Mais si seulement il n’y avait que la narration… Visuellement, tout sonne faux. L’argent est mis au service d’une multitude d’effets visuels pour coller au mieux au souffle fantastique du roman, sans jamais être assez crédibles pour donner une sensation de réel. En cela la figure du chat Behemoth est assez parlante. Décrit dans le livre comme particulièrement gigantesque, menaçant et au comportement humain, il fallait donc le reproduire en images de synthèse. Or, si un élément fantastique est marquant dans une œuvre, c’est parce qu’il est miscible au réel. Ici, ce fil qui relie l’étrange au banal est effacé par l’aspect lisse du pelage et la synthétisation du mouvement. Et ce n’est pas un cas isolé ! Cette sensation de fausseté est systématiquement incrustée dans les incursions fantastiques, prenant souvent ce filtre lissé qui n’est pas sans rappeler les pitoyables effets baroques de l’Alice au Pays des Merveilles de Tim Burton.
La mise en scène de tels projets est comme noyée par un cahier des charges asphyxiant, visant seulement à suivre les actions narratives, enchaîner les situations avec la plus grande des banalités : stabilité, fluidité du mouvement, champ contrechamp peu inspirés, plan-séquence numérique… Là où le roman offrait un terrain d’expérimentations loufoques, le film n’en rend qu’un produit filmique calibré. Et c’est pour cela que la question narrative a été autant appuyée précédemment : Michael Lockshin n’a pas le coffre esthétique suffisant pour faire oublier la faiblesse de son écriture. Et finalement, tout dans l’intention tombe à côté, y compris la direction d’acteur. Dans le meilleur des cas, cela révèle de joyeux cabotins via les personnages du suppôt de Satan Koroviev et du Maître, respectivement interprétés par Yuri Kolokolnikov et Yevgeni Tsyganov.
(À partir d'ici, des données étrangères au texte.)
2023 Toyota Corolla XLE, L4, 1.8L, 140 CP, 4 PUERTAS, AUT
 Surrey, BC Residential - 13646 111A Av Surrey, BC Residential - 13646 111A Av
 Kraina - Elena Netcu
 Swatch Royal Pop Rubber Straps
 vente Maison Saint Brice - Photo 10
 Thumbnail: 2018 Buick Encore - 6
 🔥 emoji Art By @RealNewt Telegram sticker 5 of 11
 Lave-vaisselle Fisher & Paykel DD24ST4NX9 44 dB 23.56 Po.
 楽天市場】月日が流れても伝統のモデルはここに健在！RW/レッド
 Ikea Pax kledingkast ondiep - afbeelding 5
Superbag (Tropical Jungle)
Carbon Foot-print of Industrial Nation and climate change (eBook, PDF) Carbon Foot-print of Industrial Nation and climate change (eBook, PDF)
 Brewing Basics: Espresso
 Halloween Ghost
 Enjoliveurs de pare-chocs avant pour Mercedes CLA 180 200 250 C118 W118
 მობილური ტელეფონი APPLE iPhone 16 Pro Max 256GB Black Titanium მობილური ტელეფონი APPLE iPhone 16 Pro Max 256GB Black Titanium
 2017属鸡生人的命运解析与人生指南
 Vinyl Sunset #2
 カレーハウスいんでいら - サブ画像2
Dans les pires extrêmes, August Diehl en Woland, habituellement formidable, réduit son personnage à un triste archétype de la menace satanique sans jamais parvenir à lui injecter la malice ressentie au travers des pages. Le jeu de séduction, l’apparente sympathie dont Woland fait preuve à l’égard des différentes victimes est systématiquement gommée par un sourire carnassier, un rire fou et un regard obsédé. Quel dommage.
Et tout cela finalement pourrait être résumé en une seule question : pourquoi faire ? Pourquoi vouloir absolument adapter ce qui est réputé inadaptable ? Pourquoi faudrait-il toujours tout transformer en machine à calibration de masse ? Dans son intention de vouloir construire un succès populaire, Le Maître et Marguerite devient un produit homéopathique : rentable, inoffensif, basé sur de fausses promesses. Il aurait peut-être dû rester un objet inadaptable, un espace merveilleusement vierge, dont la représentation picturale réside dans la simple puissance imaginaire du lecteur. Le médium est le message, Le Maître et Marguerite est un pur objet littéraire. Ainsi, à moins de radicalement se le réapproprier et l’emmener ailleurs – ce que ne fait pas Lockshin – il ne pourra jamais être un objet de cinéma.
Le Maître et Marguerite de Mikhail Lokshin, prochainement au cinéma.